Tally the lines of the entries below that hold the word "diseño", and please give only the total.

*** RECORDS FOR THIS TASK Section Begins ***

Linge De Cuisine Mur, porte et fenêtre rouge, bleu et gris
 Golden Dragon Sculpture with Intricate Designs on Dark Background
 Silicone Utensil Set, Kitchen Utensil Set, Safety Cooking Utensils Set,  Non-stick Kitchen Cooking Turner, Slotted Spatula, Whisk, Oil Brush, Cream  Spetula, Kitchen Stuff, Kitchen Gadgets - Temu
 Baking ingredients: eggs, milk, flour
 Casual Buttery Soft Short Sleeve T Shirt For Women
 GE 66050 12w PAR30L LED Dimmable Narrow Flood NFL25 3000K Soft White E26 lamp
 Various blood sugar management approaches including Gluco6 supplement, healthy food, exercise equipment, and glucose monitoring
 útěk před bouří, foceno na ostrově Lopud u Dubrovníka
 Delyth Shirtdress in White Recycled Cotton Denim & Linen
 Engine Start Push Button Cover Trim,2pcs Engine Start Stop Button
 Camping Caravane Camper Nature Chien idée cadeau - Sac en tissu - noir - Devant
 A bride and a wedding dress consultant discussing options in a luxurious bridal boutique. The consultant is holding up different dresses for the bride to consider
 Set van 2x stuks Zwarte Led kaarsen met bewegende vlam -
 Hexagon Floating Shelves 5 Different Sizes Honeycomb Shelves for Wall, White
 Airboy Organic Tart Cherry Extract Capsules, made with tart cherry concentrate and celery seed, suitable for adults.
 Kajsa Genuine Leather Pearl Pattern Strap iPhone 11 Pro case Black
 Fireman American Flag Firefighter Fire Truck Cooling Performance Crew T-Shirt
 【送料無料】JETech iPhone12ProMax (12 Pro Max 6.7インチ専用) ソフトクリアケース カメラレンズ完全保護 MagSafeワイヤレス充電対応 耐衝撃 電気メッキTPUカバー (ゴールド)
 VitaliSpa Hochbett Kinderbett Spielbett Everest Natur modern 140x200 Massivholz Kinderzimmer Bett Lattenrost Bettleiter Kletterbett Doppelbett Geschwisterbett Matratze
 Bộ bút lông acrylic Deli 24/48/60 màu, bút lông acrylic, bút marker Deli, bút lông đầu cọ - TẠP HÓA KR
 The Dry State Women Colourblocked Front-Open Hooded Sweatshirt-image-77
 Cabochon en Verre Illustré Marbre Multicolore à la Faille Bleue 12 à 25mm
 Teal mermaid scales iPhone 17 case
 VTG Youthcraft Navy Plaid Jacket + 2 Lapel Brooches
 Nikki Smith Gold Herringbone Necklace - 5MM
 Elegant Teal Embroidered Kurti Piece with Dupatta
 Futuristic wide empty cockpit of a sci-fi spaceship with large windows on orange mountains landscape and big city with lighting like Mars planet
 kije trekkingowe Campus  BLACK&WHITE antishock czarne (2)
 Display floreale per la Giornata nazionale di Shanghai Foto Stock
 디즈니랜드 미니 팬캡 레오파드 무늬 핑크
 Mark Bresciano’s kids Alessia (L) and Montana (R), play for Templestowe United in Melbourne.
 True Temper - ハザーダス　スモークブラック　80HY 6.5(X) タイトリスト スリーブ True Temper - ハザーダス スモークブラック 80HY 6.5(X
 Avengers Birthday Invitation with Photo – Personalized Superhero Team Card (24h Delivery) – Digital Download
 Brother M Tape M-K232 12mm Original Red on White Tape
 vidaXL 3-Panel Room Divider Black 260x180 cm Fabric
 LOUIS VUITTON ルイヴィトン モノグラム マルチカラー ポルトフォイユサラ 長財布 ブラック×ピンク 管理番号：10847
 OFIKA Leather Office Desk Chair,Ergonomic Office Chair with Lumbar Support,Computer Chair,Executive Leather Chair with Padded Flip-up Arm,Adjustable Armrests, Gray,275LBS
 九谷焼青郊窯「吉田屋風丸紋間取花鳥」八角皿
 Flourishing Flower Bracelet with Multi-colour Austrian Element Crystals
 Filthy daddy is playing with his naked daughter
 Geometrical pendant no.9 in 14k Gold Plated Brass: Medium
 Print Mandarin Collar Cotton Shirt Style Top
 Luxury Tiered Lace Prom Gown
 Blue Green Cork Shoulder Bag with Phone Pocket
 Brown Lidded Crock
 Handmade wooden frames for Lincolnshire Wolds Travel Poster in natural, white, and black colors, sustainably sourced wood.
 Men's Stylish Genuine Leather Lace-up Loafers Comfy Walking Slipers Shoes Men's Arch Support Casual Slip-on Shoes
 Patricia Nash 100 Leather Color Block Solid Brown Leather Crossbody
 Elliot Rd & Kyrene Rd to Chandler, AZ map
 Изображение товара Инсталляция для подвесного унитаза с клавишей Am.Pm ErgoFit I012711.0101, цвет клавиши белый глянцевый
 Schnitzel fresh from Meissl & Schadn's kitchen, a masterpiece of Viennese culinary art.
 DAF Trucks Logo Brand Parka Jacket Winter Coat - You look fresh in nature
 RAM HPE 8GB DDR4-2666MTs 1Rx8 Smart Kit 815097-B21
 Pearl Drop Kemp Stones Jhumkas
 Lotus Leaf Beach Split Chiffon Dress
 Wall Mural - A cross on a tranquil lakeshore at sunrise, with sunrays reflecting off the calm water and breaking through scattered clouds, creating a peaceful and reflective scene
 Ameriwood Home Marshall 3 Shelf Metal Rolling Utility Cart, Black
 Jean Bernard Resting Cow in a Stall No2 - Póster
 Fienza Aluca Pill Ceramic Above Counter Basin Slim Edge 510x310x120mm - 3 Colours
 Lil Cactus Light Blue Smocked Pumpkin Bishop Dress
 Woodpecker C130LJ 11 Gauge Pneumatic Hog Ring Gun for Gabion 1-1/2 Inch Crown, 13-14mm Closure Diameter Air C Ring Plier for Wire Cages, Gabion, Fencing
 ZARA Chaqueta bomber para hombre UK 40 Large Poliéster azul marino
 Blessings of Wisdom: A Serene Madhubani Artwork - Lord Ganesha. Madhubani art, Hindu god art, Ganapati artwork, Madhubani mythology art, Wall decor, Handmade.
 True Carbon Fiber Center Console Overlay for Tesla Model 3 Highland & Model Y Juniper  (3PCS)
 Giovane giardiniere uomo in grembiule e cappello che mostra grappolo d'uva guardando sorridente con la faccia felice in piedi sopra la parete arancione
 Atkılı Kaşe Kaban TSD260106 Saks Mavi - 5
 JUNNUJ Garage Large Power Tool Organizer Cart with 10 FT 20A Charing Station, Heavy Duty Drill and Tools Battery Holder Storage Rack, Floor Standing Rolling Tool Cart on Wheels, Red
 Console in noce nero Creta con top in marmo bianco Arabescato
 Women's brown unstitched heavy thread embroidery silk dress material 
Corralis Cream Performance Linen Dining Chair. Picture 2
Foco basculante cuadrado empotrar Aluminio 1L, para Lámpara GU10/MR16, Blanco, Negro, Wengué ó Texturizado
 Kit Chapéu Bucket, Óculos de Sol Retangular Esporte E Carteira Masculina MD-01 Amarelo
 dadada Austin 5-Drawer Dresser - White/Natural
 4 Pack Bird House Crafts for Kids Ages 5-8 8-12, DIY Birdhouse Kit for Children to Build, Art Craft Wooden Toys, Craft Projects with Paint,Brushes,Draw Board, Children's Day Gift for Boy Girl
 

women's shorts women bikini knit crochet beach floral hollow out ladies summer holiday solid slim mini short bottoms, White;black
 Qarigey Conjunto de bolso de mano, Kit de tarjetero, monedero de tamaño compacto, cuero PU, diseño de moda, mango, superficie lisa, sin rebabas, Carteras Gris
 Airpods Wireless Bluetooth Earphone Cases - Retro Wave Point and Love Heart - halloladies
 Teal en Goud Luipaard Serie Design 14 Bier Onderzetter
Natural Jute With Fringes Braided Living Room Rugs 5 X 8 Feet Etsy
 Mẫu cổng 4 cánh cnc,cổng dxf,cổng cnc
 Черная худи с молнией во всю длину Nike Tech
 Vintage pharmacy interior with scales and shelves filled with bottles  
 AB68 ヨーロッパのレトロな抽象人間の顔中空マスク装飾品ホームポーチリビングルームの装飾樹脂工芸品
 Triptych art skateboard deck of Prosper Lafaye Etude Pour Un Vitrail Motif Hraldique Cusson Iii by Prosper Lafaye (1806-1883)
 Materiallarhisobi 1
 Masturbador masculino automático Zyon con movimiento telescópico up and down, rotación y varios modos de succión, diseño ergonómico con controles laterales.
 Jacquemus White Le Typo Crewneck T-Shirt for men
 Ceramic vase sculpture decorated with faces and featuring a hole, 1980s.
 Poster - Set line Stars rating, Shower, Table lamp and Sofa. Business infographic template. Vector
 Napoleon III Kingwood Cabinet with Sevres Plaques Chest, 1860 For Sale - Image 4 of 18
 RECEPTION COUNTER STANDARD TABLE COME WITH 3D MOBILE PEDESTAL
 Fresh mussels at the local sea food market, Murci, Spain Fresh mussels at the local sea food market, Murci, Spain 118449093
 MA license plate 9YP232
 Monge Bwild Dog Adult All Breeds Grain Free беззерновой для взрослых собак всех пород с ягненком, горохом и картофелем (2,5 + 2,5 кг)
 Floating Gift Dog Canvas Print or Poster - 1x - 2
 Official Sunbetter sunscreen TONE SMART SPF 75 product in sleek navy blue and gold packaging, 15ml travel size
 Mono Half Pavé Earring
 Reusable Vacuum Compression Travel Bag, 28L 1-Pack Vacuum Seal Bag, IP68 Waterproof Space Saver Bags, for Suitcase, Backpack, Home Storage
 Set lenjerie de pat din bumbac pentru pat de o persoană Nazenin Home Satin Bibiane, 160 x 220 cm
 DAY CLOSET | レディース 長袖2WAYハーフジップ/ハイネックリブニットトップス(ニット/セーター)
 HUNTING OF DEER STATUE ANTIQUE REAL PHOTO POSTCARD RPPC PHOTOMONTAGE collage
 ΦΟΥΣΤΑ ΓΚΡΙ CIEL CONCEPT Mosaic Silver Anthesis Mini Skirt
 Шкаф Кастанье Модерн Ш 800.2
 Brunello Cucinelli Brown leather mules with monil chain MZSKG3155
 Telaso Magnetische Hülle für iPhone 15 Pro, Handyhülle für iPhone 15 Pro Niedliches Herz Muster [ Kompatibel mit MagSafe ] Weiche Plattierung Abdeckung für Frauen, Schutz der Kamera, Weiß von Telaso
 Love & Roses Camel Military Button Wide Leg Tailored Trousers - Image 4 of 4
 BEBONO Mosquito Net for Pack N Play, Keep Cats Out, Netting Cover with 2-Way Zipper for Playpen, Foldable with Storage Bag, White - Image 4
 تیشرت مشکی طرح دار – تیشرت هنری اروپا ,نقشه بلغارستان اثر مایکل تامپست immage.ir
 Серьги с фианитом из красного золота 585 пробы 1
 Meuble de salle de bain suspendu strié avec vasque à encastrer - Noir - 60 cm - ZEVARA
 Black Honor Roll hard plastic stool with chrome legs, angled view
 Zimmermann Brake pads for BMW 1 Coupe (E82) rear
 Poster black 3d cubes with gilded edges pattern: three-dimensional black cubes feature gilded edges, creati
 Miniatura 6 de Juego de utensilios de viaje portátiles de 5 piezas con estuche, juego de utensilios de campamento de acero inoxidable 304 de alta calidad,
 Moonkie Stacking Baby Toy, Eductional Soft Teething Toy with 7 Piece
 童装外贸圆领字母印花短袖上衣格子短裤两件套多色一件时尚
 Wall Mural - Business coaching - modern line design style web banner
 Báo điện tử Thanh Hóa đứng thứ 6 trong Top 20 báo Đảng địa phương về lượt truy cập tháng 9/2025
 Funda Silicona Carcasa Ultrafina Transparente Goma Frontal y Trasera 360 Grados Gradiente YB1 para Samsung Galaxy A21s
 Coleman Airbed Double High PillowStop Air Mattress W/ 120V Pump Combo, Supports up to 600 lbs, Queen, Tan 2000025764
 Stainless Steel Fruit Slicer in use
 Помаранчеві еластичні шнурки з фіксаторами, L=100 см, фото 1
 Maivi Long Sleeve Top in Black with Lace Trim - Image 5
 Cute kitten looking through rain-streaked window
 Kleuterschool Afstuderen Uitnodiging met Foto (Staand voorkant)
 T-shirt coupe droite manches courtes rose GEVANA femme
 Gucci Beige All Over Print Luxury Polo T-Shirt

*** RECORDS FOR THIS TASK Section Ends ***

WRITTEN RESPONSE: 2